SANTA ANA, Calif. — Maria Garcia’s front yard sale held no theme.

Shoes, wrenches, blender, a Darth Vader mask — all were on the driveway in front of her one-story Garden Grove home.

A child’s shirt? Five bucks.

The blender? Fifteen.

Garcia, 31, began holding monthly garage sales three years ago to earn pocket money for her father, who had been forced out of the workforce by illness. Times were tough in Orange County then and unemployment was at its peak.

These days, the economy has improved. Local unemployment is 6.2 percent, slightly better than the national average. Home prices are going up.

Still, for people like Garcia, the lessons about thriftiness learned during the dark times haven’t gone away. Garcia works full time. But she also does what she can to save cash, buying cheaper clothes for her kids and shopping at thrift stores for herself.

Garcia says she and her sister once were big mall shoppers.

She also says she hasn’t been to a mall in years.

With people like Garcia taking on new habits, and rappers bragging about 99 cent sheets, and entrepreneurs looking to franchise garage sales, one thing seems clear:

Thrift is chic.

“One man’s trash, that’s another man’s come-up,” raps Macklemore in his and Ryan Lewis’ “Thrift Shop.”

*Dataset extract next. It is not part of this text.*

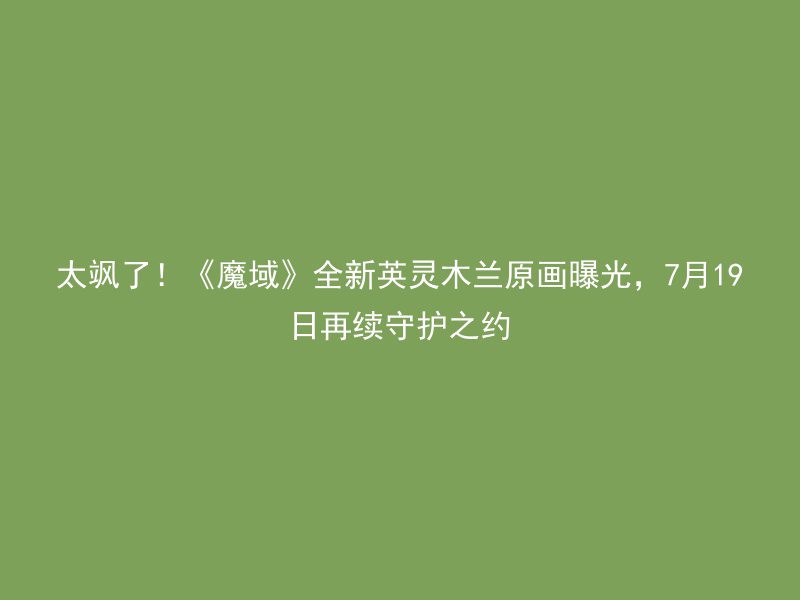 太飒了！《魔域》全新英灵木兰原画曝光，7月19日再续守护之约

Local and national experts say thrift store sales grew during the past recession — and they’ve continued to grow during the supposed recovery of the past three years.

Thrift stores are just part of a bigger trend. The Association of Resale Professionals reports that national sales in all quarters of the so-called secondhand industry — including retail categories ranging from thrift shops to high-end consignment stores — grew more than 7 percent in each of the past two years. And that number, they add, gives only a glimpse of a hard-to-measure market.

Economists who calculate gross domestic product count the value of goods only one time, the first time they’re sold. So it’s hard to gauge the true volume of America’s thrift economy.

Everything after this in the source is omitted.